Police Called After Hispanic Student's Comment on "Brownie" Snack Called "Racist"

Chris Menahan
InformationLiberation
Jun. 30, 2016

We've been told multiculturalism is some sort of panacea when it comes to race relations, instead we're finding it leads to paranoia and the creation of conflicts out of nothing.

From Philly.com:
On June 16, police were called to an unlikely scene: an end-of-the-year class party at the William P. Tatem Elementary School in Collingswood.

A third grader had made a comment about the brownies being served to the class. After another student exclaimed that the remark was "racist," the school called the Collingswood Police Department, according to the mother of the boy who made the comment.

The police officer spoke to the student, who is 9, said the boy's mother, Stacy dos Santos, and local authorities.

Dos Santos said that the school overreacted and that her son made a comment about snacks, not skin color.

"He said they were talking about brownies. . . . Who exactly did he offend?" dos Santos said.

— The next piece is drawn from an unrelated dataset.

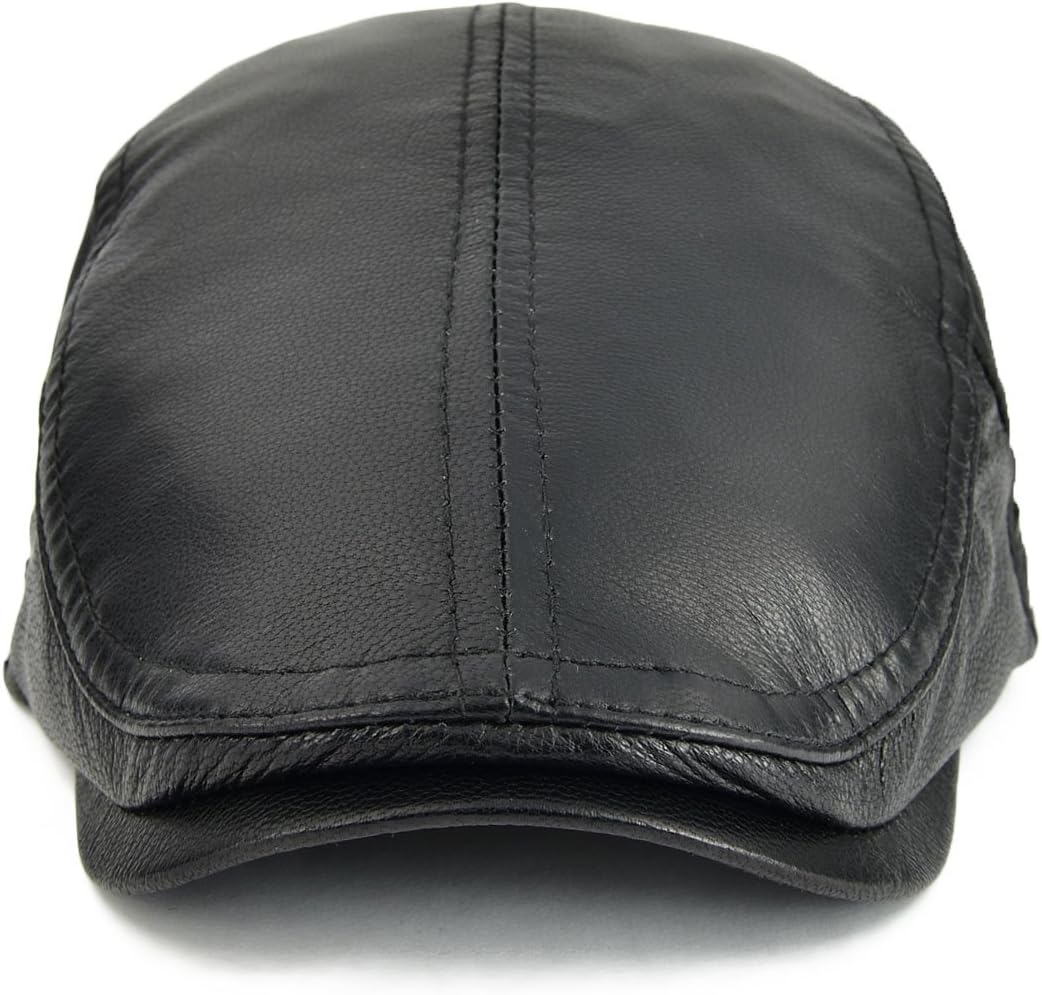 VOBOOM Men Women Adjustable Genuine Leather Ivy Cap Newsboy Hat - Image 3
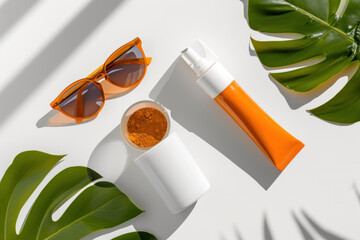 Top view natural skin care product sunlight sunscreen with sunglasses with tropical palm leaves on orange background, Flat lay minimal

The boy's father was contacted by Collingswood police later in the day. Police said the incident had been referred to the New Jersey Division of Child Protection and Permanency. The student stayed home for his last day of third grade.

Dos Santos said that her son was "traumatized," and that she hopes to send him to a different Collingswood public school in the fall.

And she wants an apology. She said she graduated from Collingswood High School and has two other children, a 21-year-old who also went through Collingswood schools, and a 3-year-old. Her husband, the third grader's father, is Brazilian, dos Santos said.

"I'm not comfortable with the administration [at Tatem]. I don't trust them and neither does my child," she said. "He was intimidated, obviously. There was a police officer with a gun in the holster talking to my son, saying, 'Tell me what you said.' He didn't have anybody on his side."

The incident, which has sparked outrage among some parents, was one of several in the last month when Collingswood police have been called to look into school incidents that parents think hardly merit criminal investigation.

Superintendent Scott Oswald estimated that on some occasions over the last month, officers may have been called to as many as five incidents per day in the district of 1,875 students.

This has created concern among parents in the 14,000-resident borough, who have phoned their elected officials, met with Mayor James Maley, blasted social-media message boards, and even launched a petition calling on the Camden County Prosecutor's Office to "stop mandated criminal investigation of elementary school students."

The increased police involvement follows a May 25 meeting among the Collingswood Police Department, school officials, and representatives from the Camden County Prosecutor's Office, where school officials and police both said they were told to report to police any incidents that could be considered criminal, including what Police Chief Kevin Carey called anything "as minor as a simple name-calling incident that the school would typically handle internally."

The police and schools were also advised that they should report "just about every incident" to the New Jersey Division of Child Protection and Permanency, Carey said.
This is the level of paranoia these schools are operating under.